Alot of reddit posts ended up being just really dumb nothing posts, but here it seems like the more engaged type crowd for now.
i love being able to see individual upvote and downvote counts. the nuance is actually very important
so far at least there are no constant annoying automod filters like 'this title needs to be 250 characters not including spaces, have a [i'm a dumbass] flair, etc etc'
it does nothing to improve the quality of anything and makes the whole UX more annoying. on r/gonewildaudio there's like a paragraph of flairs
I want lemmy to succeed but reddit is still alright (as long as it allows you to use the old interface in a web browser). Won't delete it in the forseeable future
The only reason I reluctantly keep my account is because of a few niche communities I lurk and sometimes comment in. And I'll add that Reddit is usable thanks to the old interface + uBlock Origin and third-party apps on mobile (and we all know what's happening next); I'd call it "alright" just as a euphemism for "not (yet) as bad as Facebook or Instagram".

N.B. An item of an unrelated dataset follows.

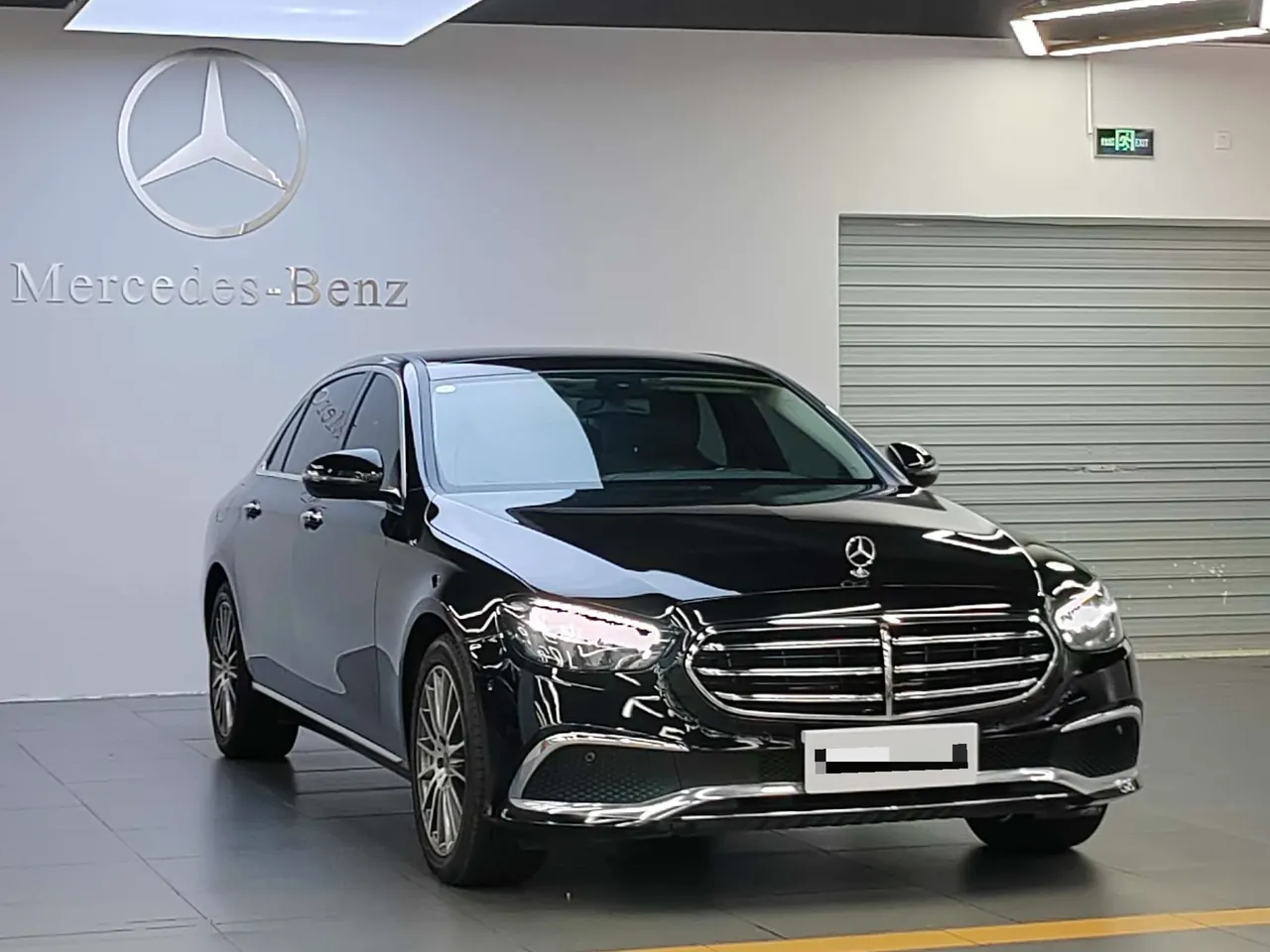 Mercedes Benz E Class 2021 E 260 L 2.0T (changed) automatic gear 3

I'll probably continue to lurk on some more niche Reddit communities. Mostly related to smaller gaming communities for news or info posts, but I'm hopeful that as Lemmy grows more will migrate this way.
Better UI
Much less cluttered UI. Very friendly communities.
The decentralized and community-driven model that essentially guarantees Lemmy being free from big corporations creating the ad-centric hellscape of centralized social media. That, and the UI is much clearer and feels lighter, even compared to Old Reddit.

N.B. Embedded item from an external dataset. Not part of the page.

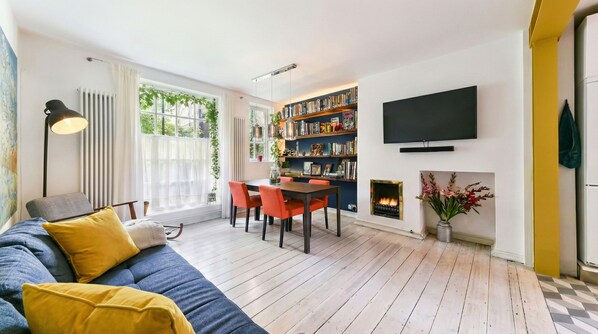 تلفزيون ذكي، كُتُب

This^. And not just the ads, but the decentralized nature should also protect the community at large. Where as if Nintendo doesn't like something on r/Nintendo they may have sufficient pull to force a change. With communities being decentralized it means that corporations have a lessened ability to throw their weight around.
This was a big thing for me too. And I agree about the UI, it feels close to reddit I guess but I've not had any issues finding my way around and joining a bunch of communities that interest me. I've also commented/posted more than I ever did on reddit already!
Does it, though? An instance could theoretically become so big it overshadows all others, then defederate from everyone.
When account migration gets added and something like community sync is in place, I can see that issue being mitigated. Sure, there might be some chaos, but the underlying nature of the fediverse makes the issue much less likely to occur.